WORK TASK:
Reproduce exactly the run of lines that begins with the one containing "(KIA တပ်ဖွဲ့ဝင်တစ်ဦးနှင့် KPDF" and ends with the last line of the records, omitting pictures.

DATASET ENTRIES:
»»

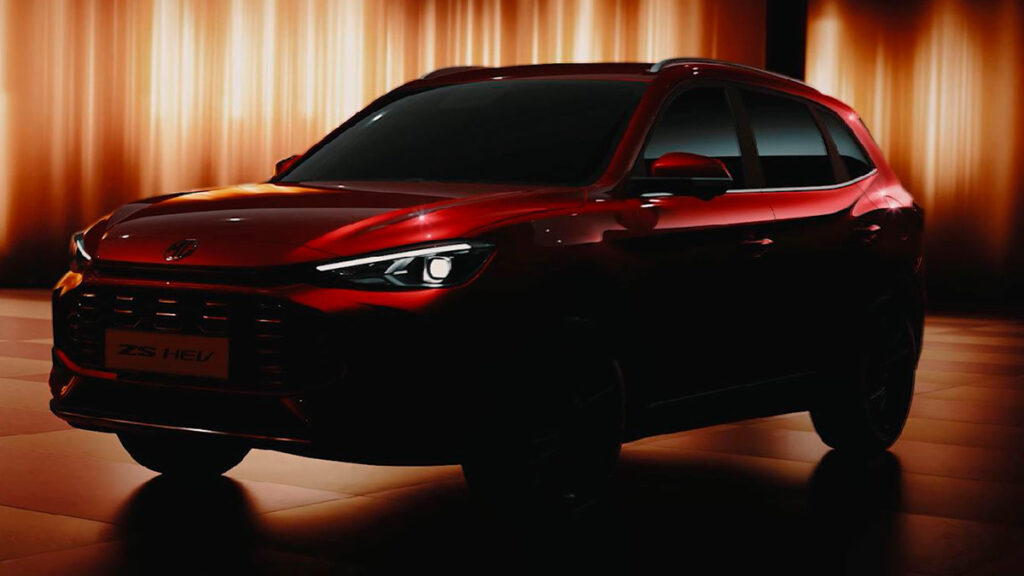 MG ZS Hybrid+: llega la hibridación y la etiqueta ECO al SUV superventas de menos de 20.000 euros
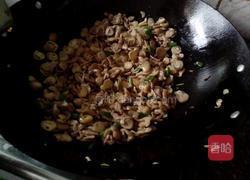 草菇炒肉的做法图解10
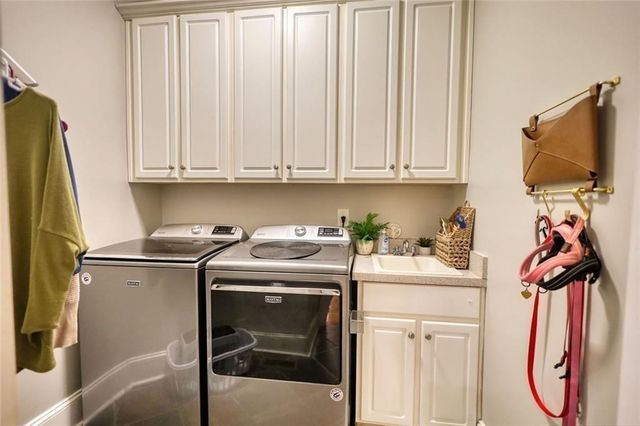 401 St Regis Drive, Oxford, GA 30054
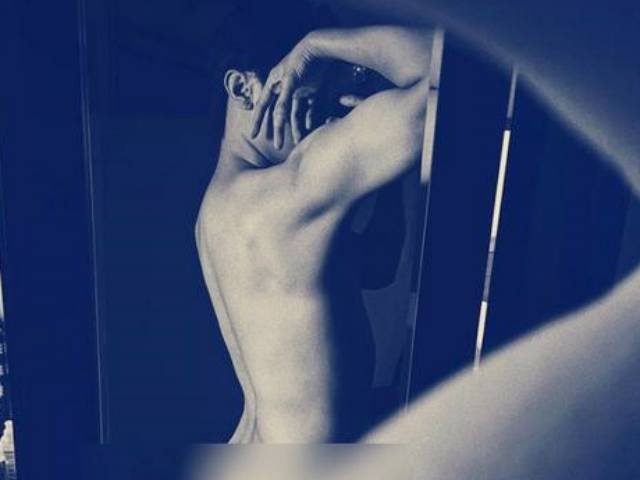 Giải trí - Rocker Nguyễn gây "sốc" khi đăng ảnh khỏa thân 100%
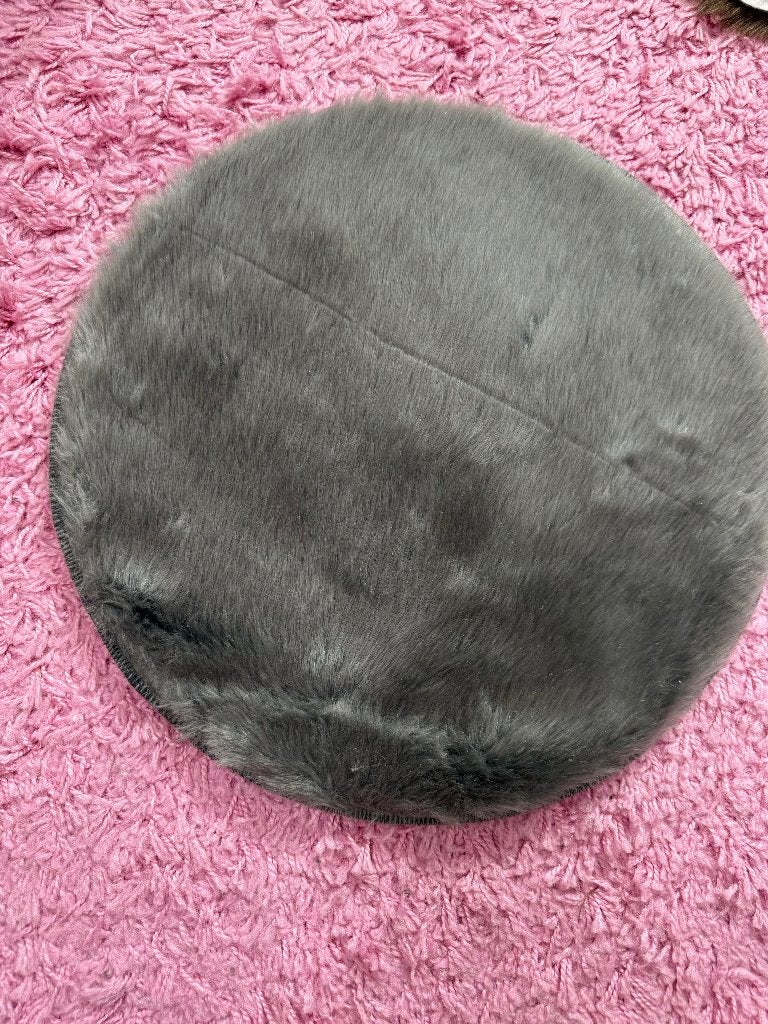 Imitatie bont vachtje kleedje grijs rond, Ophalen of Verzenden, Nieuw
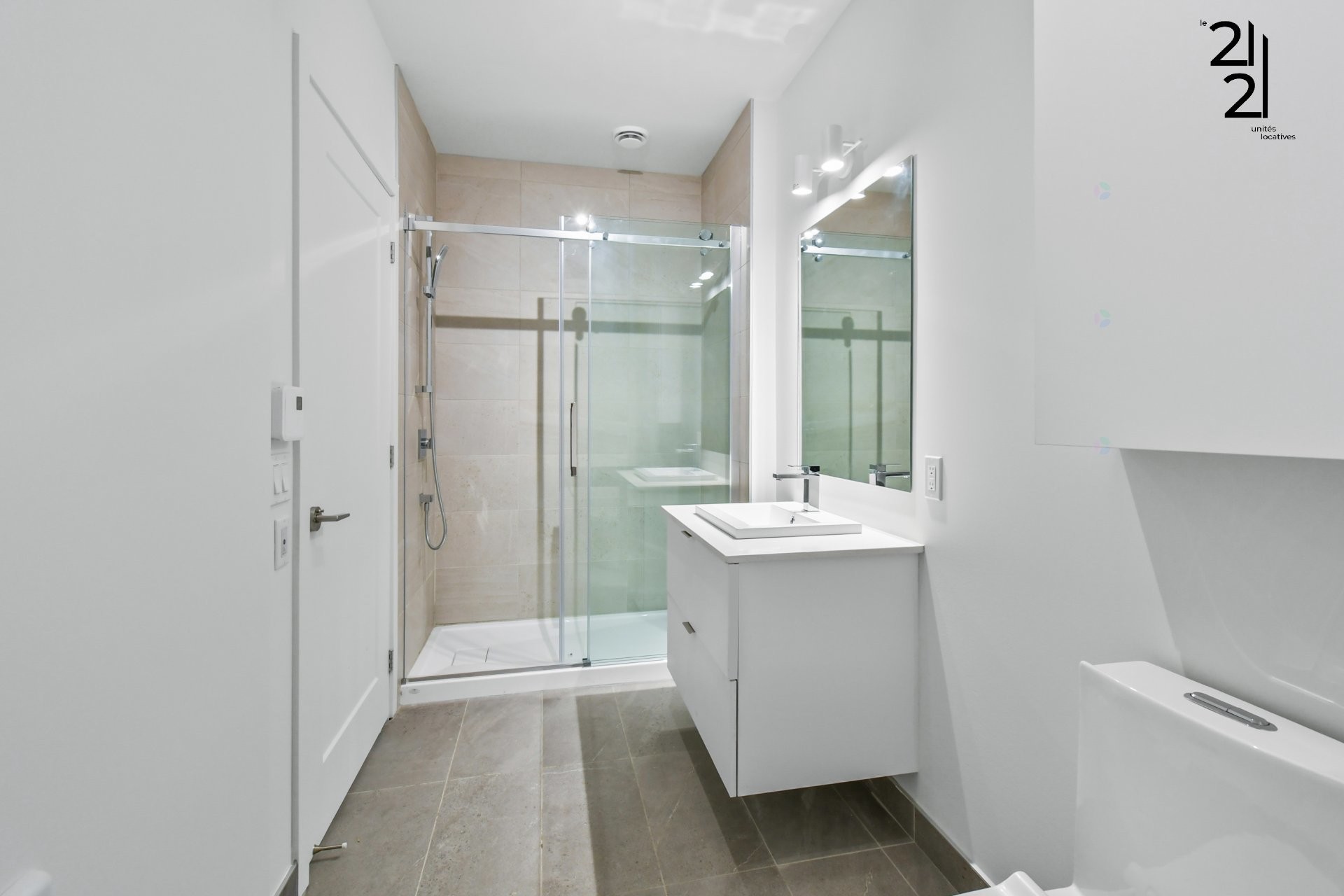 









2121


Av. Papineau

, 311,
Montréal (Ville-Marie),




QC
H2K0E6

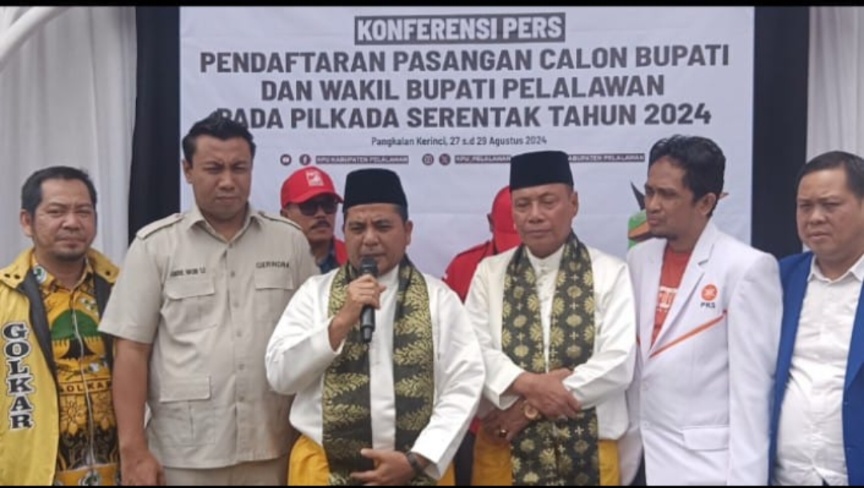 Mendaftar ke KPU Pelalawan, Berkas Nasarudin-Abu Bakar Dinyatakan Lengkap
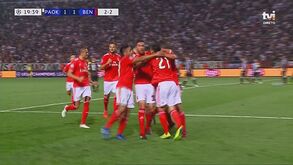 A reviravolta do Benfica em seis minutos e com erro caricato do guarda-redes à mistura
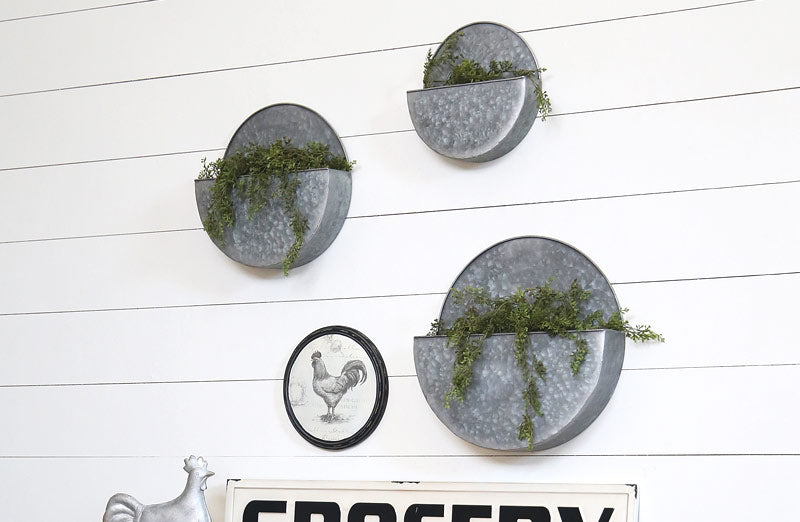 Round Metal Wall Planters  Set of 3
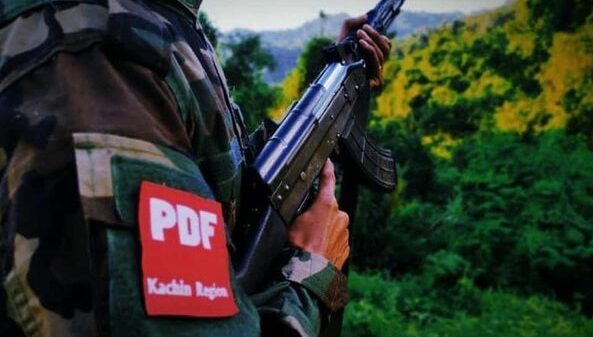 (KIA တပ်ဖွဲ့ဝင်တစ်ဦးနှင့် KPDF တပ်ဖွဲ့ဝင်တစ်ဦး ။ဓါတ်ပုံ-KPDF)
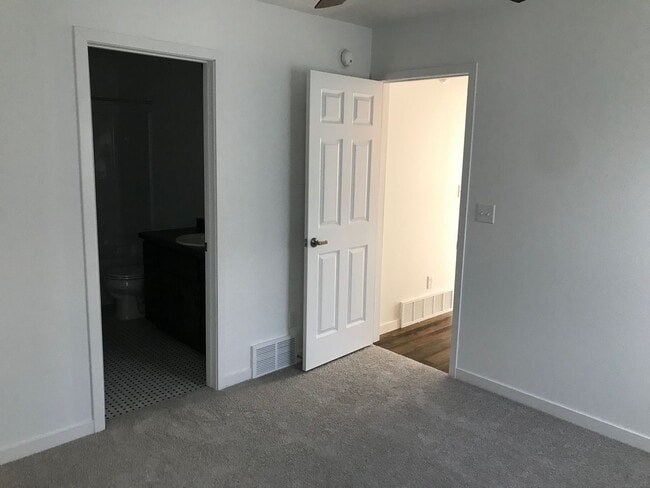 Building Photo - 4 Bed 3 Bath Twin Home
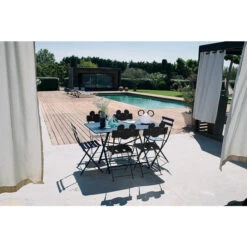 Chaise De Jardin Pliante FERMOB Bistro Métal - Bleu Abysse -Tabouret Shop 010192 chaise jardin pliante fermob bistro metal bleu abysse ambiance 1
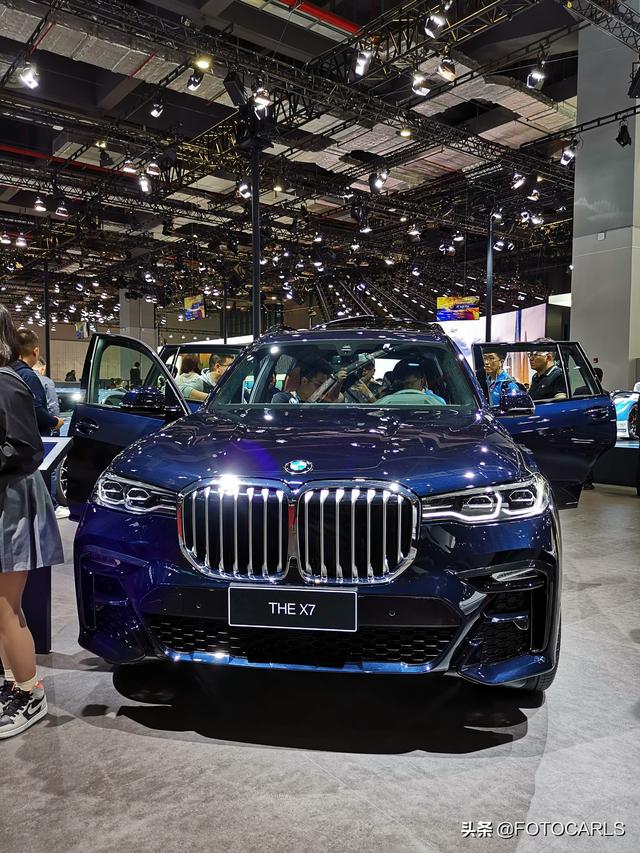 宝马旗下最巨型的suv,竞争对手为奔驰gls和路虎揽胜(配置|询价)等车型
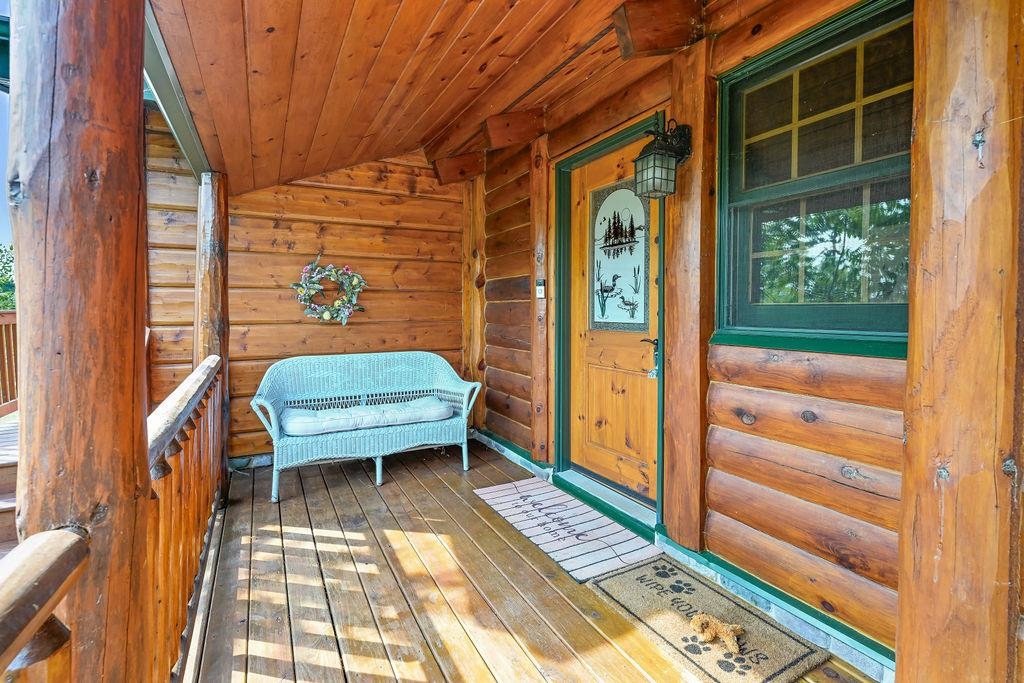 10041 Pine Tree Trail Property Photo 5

««

RESPONSE:
 (KIA တပ်ဖွဲ့ဝင်တစ်ဦးနှင့် KPDF တပ်ဖွဲ့ဝင်တစ်ဦး ။ဓါတ်ပုံ-KPDF)
 Building Photo - 4 Bed 3 Bath Twin Home
 Chaise De Jardin Pliante FERMOB Bistro Métal - Bleu Abysse -Tabouret Shop 010192 chaise jardin pliante fermob bistro metal bleu abysse ambiance 1
 宝马旗下最巨型的suv,竞争对手为奔驰gls和路虎揽胜(配置|询价)等车型
 10041 Pine Tree Trail Property Photo 5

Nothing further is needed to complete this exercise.